Monday, February 11, 2008

Europe Needs Help

The following is my brief discussion of "The Silence Before Bach", a Spanish surrealist film about nothing but featuring prominently the music of perhaps my favorite composer, Johann Sebastian Bach.

***
First, here are the reactions of two friends and me upon the conclusion of the film:

Isaac: I need a domestic beer.
Angela (to me): You are not allowed to pick a movie ever again.
Me: Europe needs help.  (turns to Isaac) A domestic beer? Like a Budweiser Tall Boy, in a can?
Isaac: In a can, yes.
Angela: You wanted to see that just so you could watch a woman in a man's dress shirt, which was actually a robe, play a cello?  There's a website for that, you know....
Me: I had no idea.  I just wanted to hear the music.  I should have simply stayed home and listed to The Hilliard Ensemble and Till Fellner and spared myself the movie.  But the girl was kinda hot, you have to admit.  And the seeing-eye dog was funny.
Angela: I liked the dog.

***

I was skeptical going in, and my fears were affirmed.  The title itself implies the thesis of the film, one that is repeated so often as to be nearly dogmatic, at least when one first begins to learn the history of Western music.  Popular wisdom, this film included, would have us believe that nothing happened before J.S. Bach.

The film opens with the camera rolling slowly through a maze of white rooms in silence, only to be encroached upon at last by a musical droid in the form of a seemingly self-propelled player piano, which is playing a selection from the Goldberg Variations.  And thus we learn that, out of nowhere, J.S. Bach was there to break the silence and to bring color into the world.

As a performer of ancient music, I can most assuredly say that weird, lovely, and complex things were happening musically long before Bach came along.  In no way should this be seen as detracting from his genius or from his influence; it simply is the truth, and Bach himself would say the same.  

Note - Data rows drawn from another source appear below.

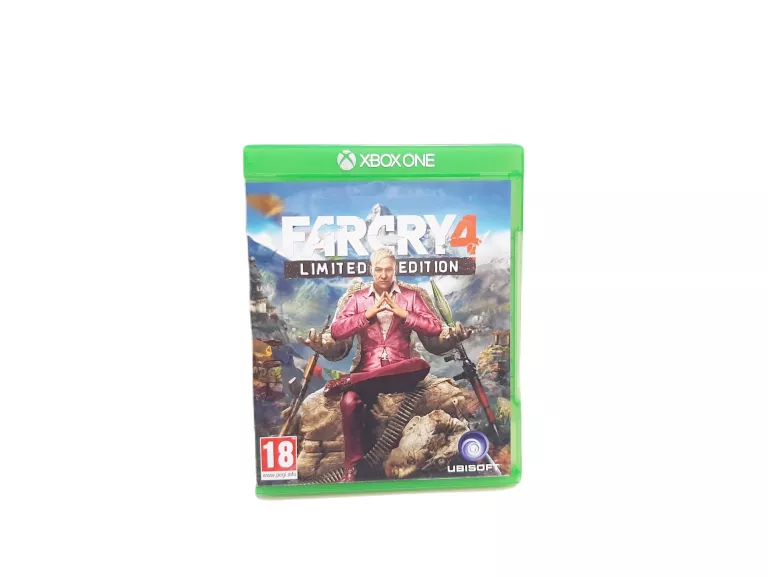 GRA NA KONSOLE XBOX ONE FARCRY 4 LIMITED EDITION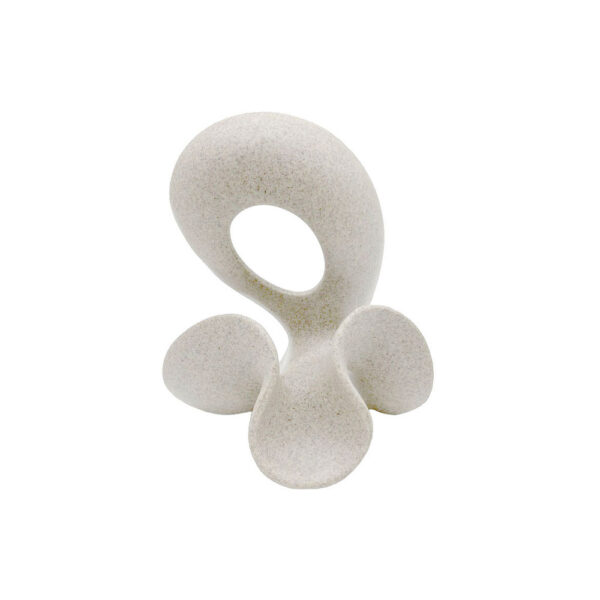 NOEMA ΔΙΑΚΟΣΜΗΤΙΚΟ ΦΙΓΟΥΡΑ 19.5x14.5x23cm POLYRESIN ΑΣΠΡΟ 034483 - Image 2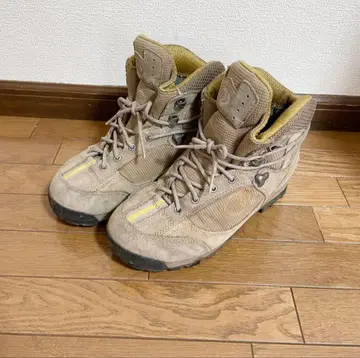 테크니카 등산화/트래킹 슈즈 베이지 24.5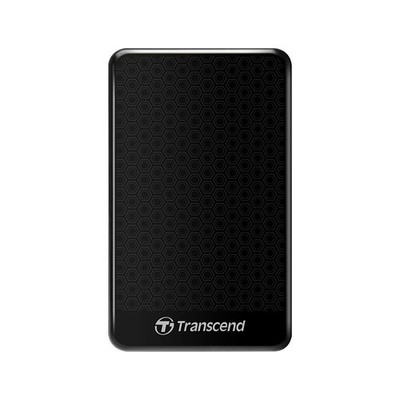 Transcend 2 TB USB 3.1 Gen 1 Portable Hard Drive, Black - StoreJet TS2TSJ25A3K 2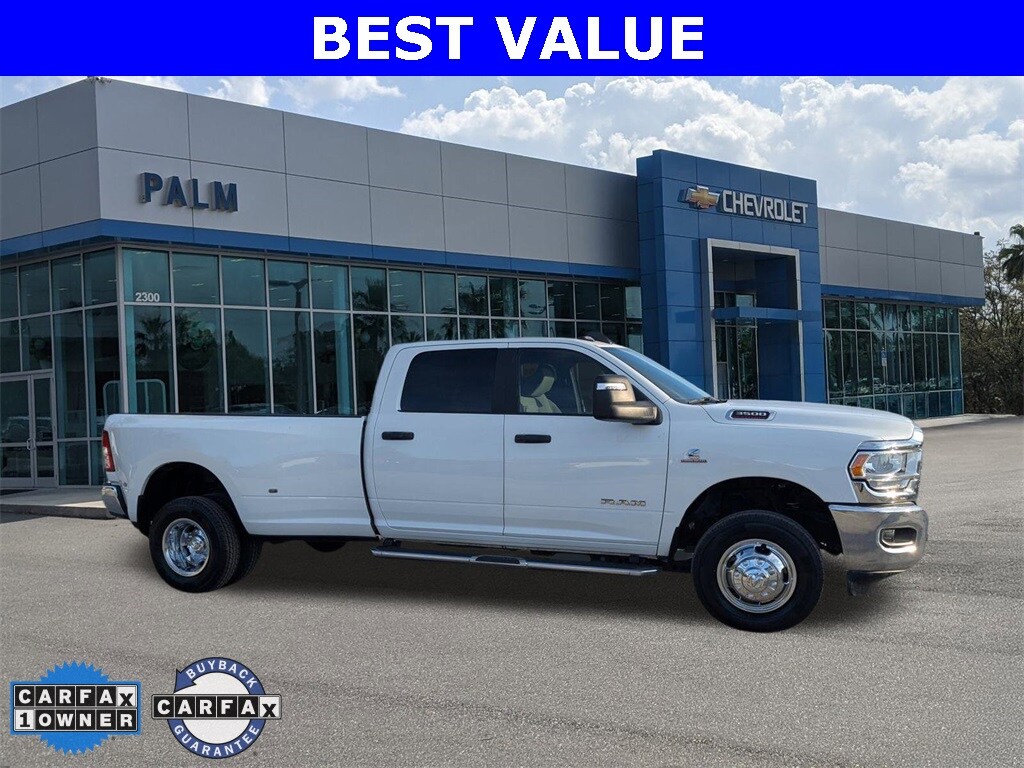 Used 2024 Ram 3500 Big Horn Truck Crew Cab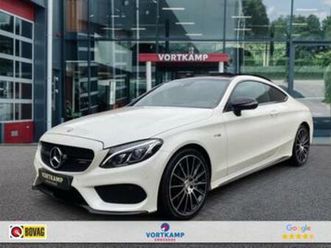 mercedes-benz c-klasse c 43 amg coupe 4matic pano-dak/camera — mercedes-benz — marktplaats
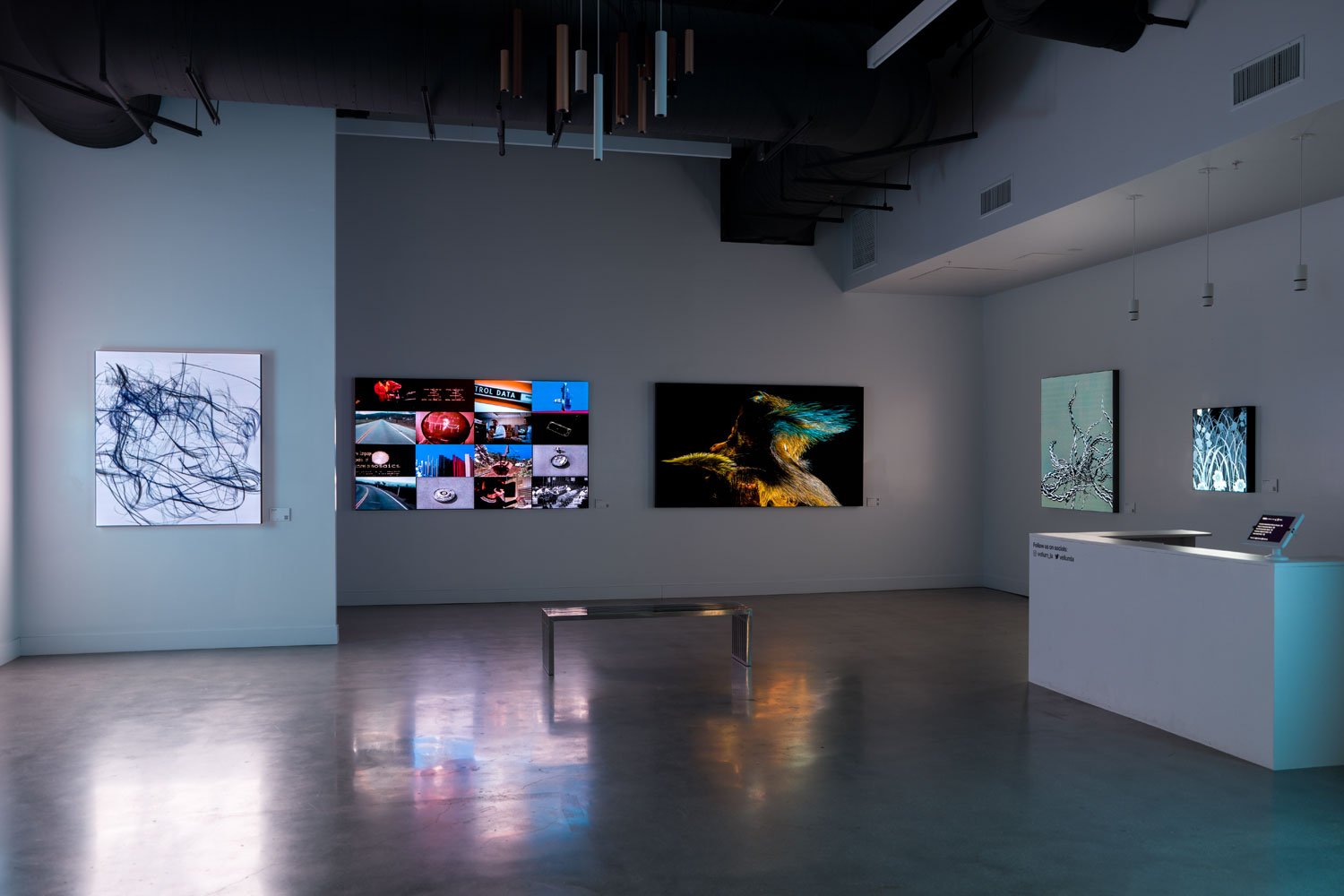 Simulation Sketchbook, installation views 3 of 7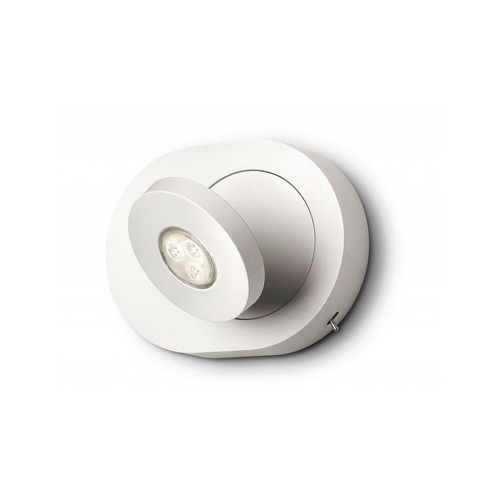 Scope wall lamp LED white 1x4W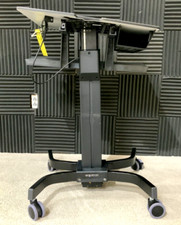 Ergotron WorkFit-C Dual Sit-Stand Workstation 24-214-085
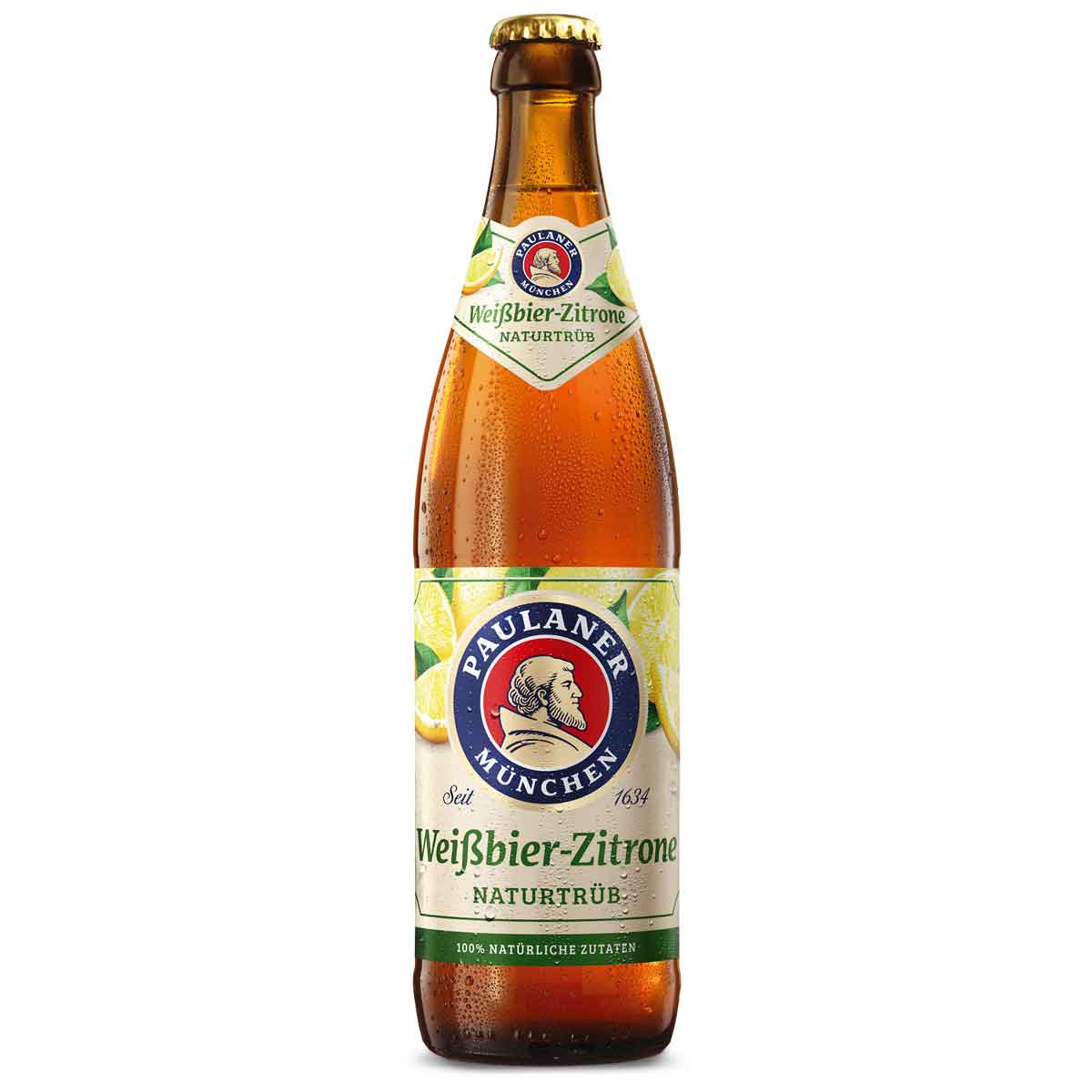 Paulaner Hefe Zitrone Naturtrüb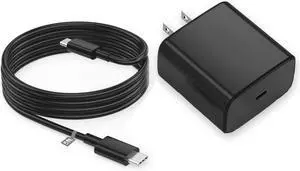 20W Type C Fast Charger for Motorola G Power 2025/2024/2023 G Stylus 5G 2024/2023 G Play 2023/2021 Moto Turbo One 5G UW Ace Edge/Razr G200 G100 G41 G71 G30 G10 G51 5FT USB C to USB C Wall Charger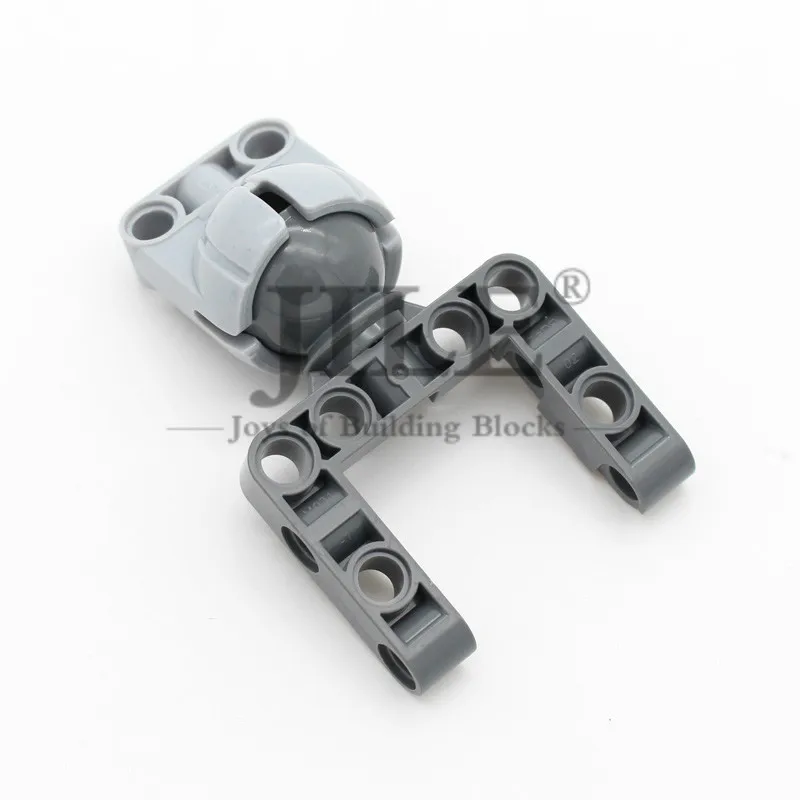 High-tech Steering Ball Joint Large Open with C-Shape Pivot Frame Steering and Receptacle 92910 1 DIY Building Bricks Blocks Toy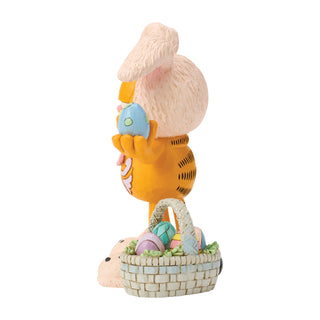 Jim Shore Garfield: Garfield with Bunny Ears Figurine sparkle-castle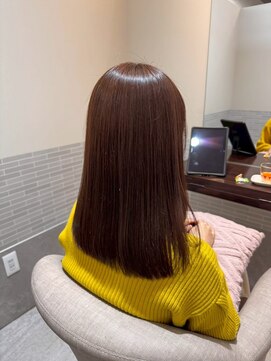 レグルス ヘアーデザイン パセオ野間大池店(Reglus hair design) 髪質改善/ストレートロング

One of the most noxious parts of the film is a scene of the aforementioned nearly naked cello player's (much older) lover visiting a bookshop and discussing Bach with the shopkeeper.  At one point, the shopkeeper remarks, "Without Bach, God would be third-rate."

At this point the falsehood of the film became simply too much to bear; presumably the filmmaker is of the fashionable atheistic mindset so popular among the European intelligentsia.  He is presented with a dilemma, however, when making a film about the music of one of the most devoutly Christian composers of all time.  He can't come out and call Bach a fool for believing in God, because the genius of Bach is too well-known, too obvious, that to criticize Bach for his belief would be to lie.  So, instead, we are referred to a God so small and wretched as to require Bach to elevate Him in grandeur; Bach's work, in a sense, could be viewed from this perspective in the same way one might view an especially elaborate model railroad or doll house: spectacular, but a bit esoteric, such that one might remark, "he must have a lot of time on his hands."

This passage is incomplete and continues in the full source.